Learning algorithms
Backtracking [1]
Backtracking is a technique used to build up to a solution to a problem incrementally. These “partial solutions” can be phrased in terms of a sequence of decisions. Once it is determined that a “partial solution” is not viable (i.e. no subsequent decision can convert it into a solution) then the backtracking algorithm retraces its step to the last viable “partial solution” and tries again.
Visualizing the decisions as a tree, backtracking has many of the same properties of depth-first search. The difference is that depth-first search will guarantee that it visits every node until it finds a solution, whereas backtracking doesn’t visit branches that are not viable.
Because backtracking breaks problems into smaller subproblems, it is often combined with dynamic programming, or a divide-and-conquer approach.
Concepts
- State: A “partial solution” to the problem.
- Rejection criterion: A function that rejects a partial solution as “unrecoverable”. i. e. no sequence of subsequent decisions can turn this state into a solution. Without rejection criteria, backtracking is the same as depth-first search.
- Viable: A state that may still lead to a solution. This reflects what is known “at this stage”. All states that fail the rejection criteria are not viable. If we have a state that is initially viable, and find that all paths to leaves eventually terminate at a state that fail the rejection criteria, the state will become non-viable.
- Heuristic: Backtracking will (eventually) look at all the different viable nodes by recursively applying all the possible decisions. A heuristic is a quick way of ordering which decisions are likely to be the best ones at each stage, so that they get evaluated first. The goal is to find a solution early (if one exists).
- Pruning: The concept of determining that there are no nodes / states along a particular branch, so it is not worth visiting those nodes.
Generalised Algorithm
In the algorithms below, it is assumed that each decision is irreversible, so there is only one path to each state. If modeling a game like chess, you would have to be more careful, as it is possible to arrive at the same state multiple different ways.

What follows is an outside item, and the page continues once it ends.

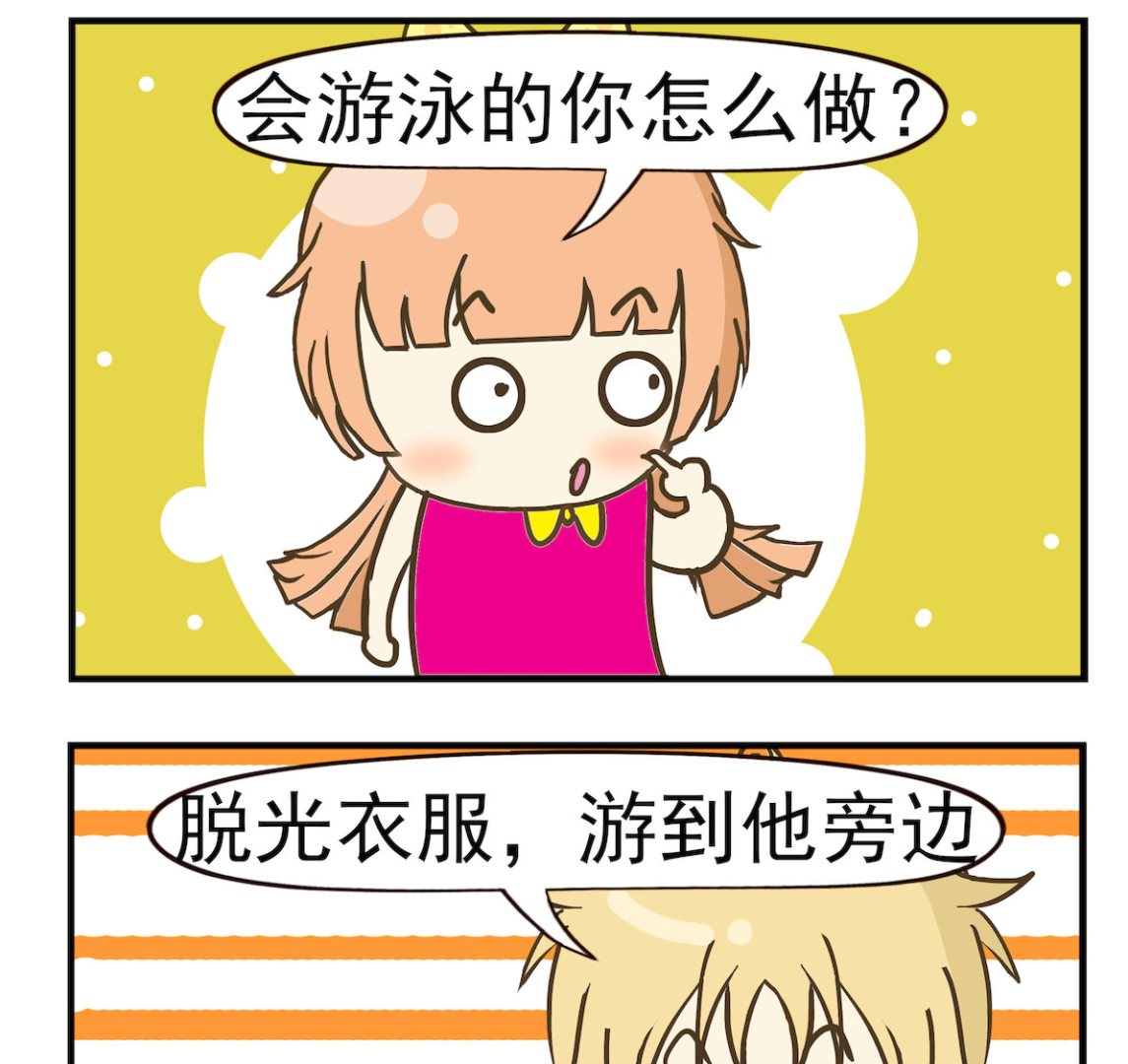 第019话 溺水-第19话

If it is possible to reach each state multiple ways, then we would also need to keep track of which states we had already visited.
A recursive implementation of a backtracking algorithm takes the general form
def doBacktrack( current ):
if current is a solution:
return current
for each decision d from current:
new_state <- state obtained from current by making decision d
if new_state is viable:
sol <- doBacktrack(new_state)
if sol is not None:
return sol
# indicate there is no solution
return None
Iterative solution
def doBacktrackIterative(start):
stack = [start]
while len(stack) > 0:
current = stack.pop()
if current is a solution:
yield current
for decision in possible_decisions(current):
new_state <- state obtained from current by making decision d
if is_viable(new_state):
stack.push(new_state)
Example: n queens
Placing n queens on an n x n chess board so no queen can be taken
We know that we need one queen in every row, and one queen in every column.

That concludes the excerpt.